There have been accusations that these changes, despite the aims of the reforms, still focus on punishment rather than rehabilitation. The Ministry of Justice’s impact assessment of the proposals acknowledges that, “given a limit on the overall level of resources available for probation services, and the need for sentences to remain proportionate to the seriousness of the offending, delivering top end community orders may cause a number of primarily rehabilitative requirements to be substituted for primarily punitive ones.”

Anawim’s experience

According to Anawim, a Women's Centre based in Birmingham, the reforms have had a nefarious effect on women’s rehabilitation.

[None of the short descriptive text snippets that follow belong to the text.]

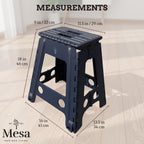 Inspired Living 18" Step Stool, Folding Step Stools for Adults, Plastic Foldable Step Stools Kids, Holds Up to 330 lbs, Collapsible Folding Stool for Kitchen, Bathroom, Bedroom (Navy, 18" High)
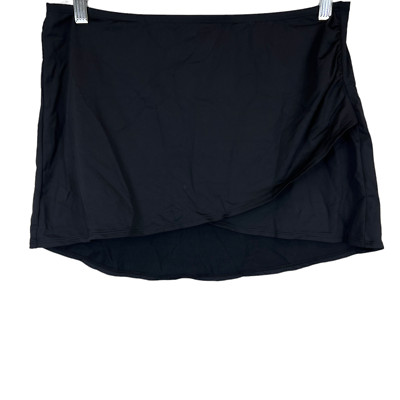 Jantzen Women's Pull-on Ruched Faux Wrap Swim Overskirt Solid Black Size 10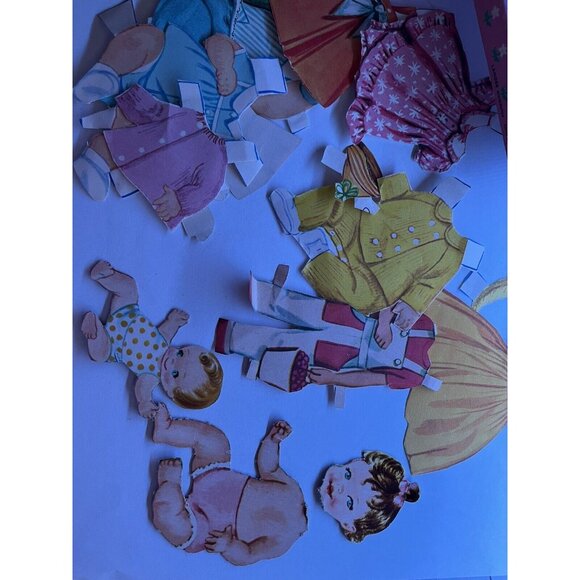 Vintage Baby Paper Dolls Cut 1950s Clothes Accessories with little miss pixiebox - Picture 4 of 5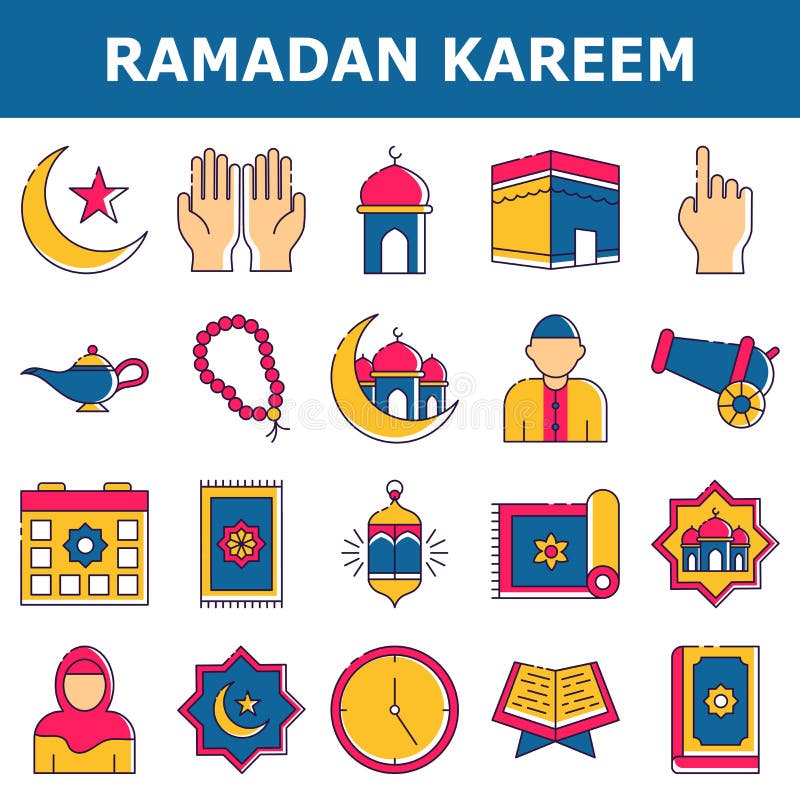 Festivalul islamic Ramadan Kareem, plin de culori, cu pictograme pe linie. editare simplă stock illustration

  • Anawim estimates that at least £1,500 per woman is required to achieve effective rehabilitation; some of the private companies are attempting to achieve this for £200.
  • Under the new rules, women released from short-term sentences are given 12 months supervision from the CRC, but there is no extra money to fund this. The assumption was that those serving short sentences require the least support. In the experience of Anawim, the opposite is true. Anawim has observed a marked increase in breach rates and recalls.
  • Recalls mean that women repeatedly serve two-week sentences: each time they fail to attend a probation appointment as part of their supervision, they are sent back to prison, which results in a chaotic carousel and makes it difficult to establish some stability for rehabilitation.
  • Before the scrapping of the charges, women were building up debts from the charges and were pleading guilty as this was cheaper.
  • Charitable trusts are now more reluctant to invest in the criminal justice sector as they would be propping up private companies and helping them to make money.
  • To enable a woman to have her multiple needs met it is necessary to establish ‘one stop shop/hub’ approaches with everything under one roof; currently, help is available but delivered in a disconnected manner. The provision of TTG services under this agenda may not be women specific and thus will not effectively link in with women’s services across the whole country.
  • Anawim has noted that whilst a man can return from prison to a functioning home with his partner and children, women often lose their homes and personal belongings and, as they are often the primary caregiver, their children are put into care (only 5% of women prisoners’ children remain in their home once their mother has been sentenced to custody). Anawim has also noted that when a woman is rehabilitated, it is less likely that their children will reoffend and there is often an improvement in the male partner’s behaviour. It could be said, therefore, that in general women suffer more from being sent to prison and have much more to benefit more from positive and effective rehabilitation.

Possible asks

  • ‘Transforming Rehabilitation’ should include rehabilitation programmes more suited to the needs of women. Anawim’s flexible, varied and holistic one-stop-shop service which responds to the individual needs of each woman is an effective model to be imitated – they have reduced the recidivism rate among participants to 1%. NOMS own Analytical Survey 2015 found “single-target programmes focusing only on reducing the effects of trauma do not appear to contribute to reductions in women’s reoffending”.
  • The rehabilitation system should acknowledge the huge benefits of rehabilitating women, as ‘the glue of society’. Alongside social benefits (keeping families together, avoiding putting children in care) research has shown that investing in women’s rehabilitation pays dividends as the costs to the Criminal Justice system of chaos, substance misuse and crime in women’s lives are high due to regular and repeated contact with public services including GPs, methadone prescribing, ambulances and the care system, on top of criminal justice agencies costs.
  • A fairer funding structure whereby 15% of funding is allocated to the 15% of offenders in the probation system who are women: Anawim estimates that £4 million of NOMS’ £3.3 billion budget is currently spent on women annually.